Did you know that Salt Lake City was the birthplace of one of America’s first leading actresses? Occasionally, while traipsing through old western towns, I’ve run across pictures, news articles, and even tour guides, proclaiming the glories of the great Maude Adams. Let me tell you a little about her.
Maude Kiskadden was born in Salt Lake City (7th East and 8th South, to be exact), on November 11th, 1872. Her grandfather, Barnabas L. Adams, was part of the exodus from Nauvoo, having met LDS missionaries in Canada, arriving in the Salt Lake Valley in 1848. Her mother, Asenath Ann (Annie) Adams, was born near Little Cottonwood canyon. Annie was also an actress.
Annie Adams was known as one of the best actresses in Salt Lake City. But it would be Maude Adams who would achieve greatness among all the American actresses of her day. Annie, and a generation later, Maude, would act in the Salt Lake Theater. Timber, from Barnabas’ saw mill, was used to build many well-known structures in the city, including this building, interestingly enough.
Annie traveled with a company of actors, eventually settling in California. Maude, as a little girl, would sometimes appear on stage, if an infant was needed to fill a role.
In fact, her very first role was her playing the part of roast beef on a platter. As she waited back stage in a cradle, her mother was performing in a play called The Lost Child. “One scene called for a platter to be carried on-stage with a sleeping child in place of a roast, but, at the time of the cue, the regular baby was having a noisy tantrum. Annie, waiting in the wings, offered her nine-month old offspring as a stand-in. Maude was placed on the platter and carried in, but, rather than stay asleep, she sat up and looked around in fascination and her first triumph in front of the footlights was accomplished.”
Maude’s father, James Kiskadden, passed away when she was still quite young, so she would divide her time between her traveling mother, and her grandmother, who still resided in Salt Lake City. At age sixteen, Maude left Salt Lake for the lights of New York, where she was cast into more and more prominent roles. By the late 1890’s she was a star. As Maude set out to make a name for herself, she chose her mother’s maiden name as a more fitting name to be known by.
“Richard Matheson was inspired to write “Bid Time Return” (original story made into the movie Somewhere In Time) after being mesmerized by the portrait of famous actress, Maude Adams, hanging in the Opera House in Virginia City, Nevada during a trip. When he researched her, he found some interesting and mysterious facts about her reclusive life, and wondered what may have occurred in her life, thus the idea for his novel was born.”
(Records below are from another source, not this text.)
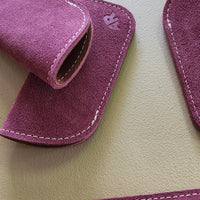 Close-up of purple suede eyeglass cases on a beige surface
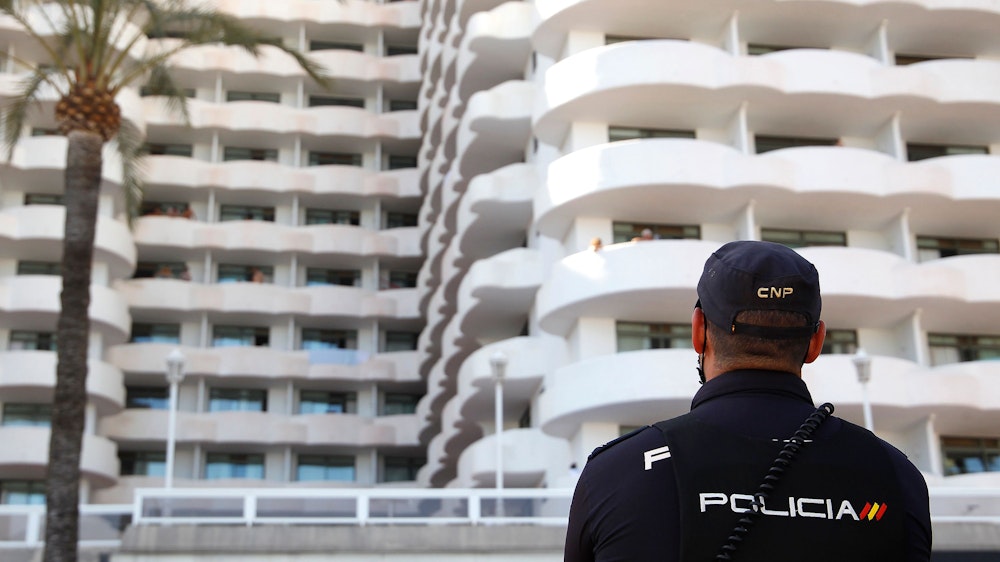 Ein Polizist steht vor einem Hotel auf Mallorca. Die Aufnahme von Juni 2021 dient hier als Symbolfoto.
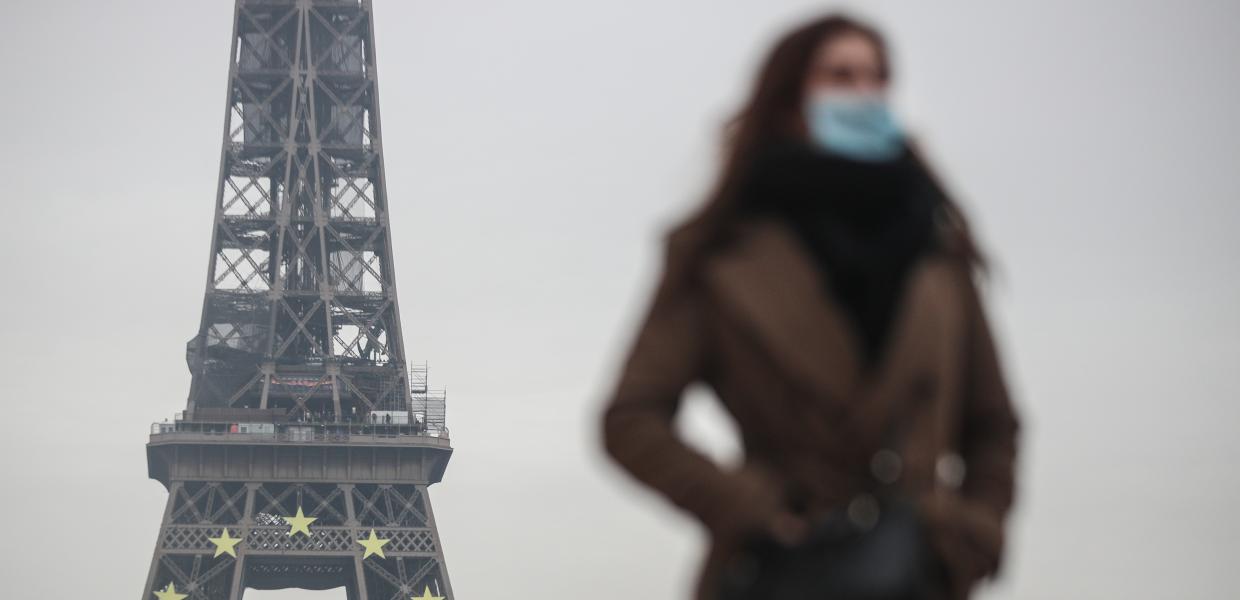 Κοπέλα με παλτό και μάσκα μπροστά από τον πύργο του Άιφελ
Never forgetting her roots, Maude arranged for the complimentary seating of the entire Mormon Tabernacle Choir, while they were touring in New York, for her performance of Peter Pan. This was in the year 1909. At the end of the performance, the Choir stood and sang “Auld Lang Syne”, in her honor, and the whole audience joined in.
Maude Adams never married. Rather, she was married to the stage. After an amazing career, she retired from acting in 1918. She began staging and directing, which became her true passion. Finally, in 1931, she staged and acted in her final performance in The Merchant of Venice at Kingsbury Hall on the University of Utah campus. She died at her home in the Catskill Mountains of New York on July 16, 1953.
Information taken from:
Relief Society Magazine, 1890, p. 244
Utah Historical Quarterly, Winter 1970, p. 65
Somewhere In Time trivia
More on Maude Adams has been discovered over the years, including her longtime female lovers, the last of whom she was buried near. Her careful selection of roles in “breeches productions” in which she cross-dressed helped crack open our perceptions of what a woman can be and arguably helped seed the theater, and the country, with the what would be come the gay liberation movement. Here’s a recent Beehive Archive on Maude that just aired on KCPW in Salt Lake.
http://www.utahhumanities.org/stories/items/show/353
Remarkable talented beauties from the past that almost no one today has ever heard of. Sorta Sad.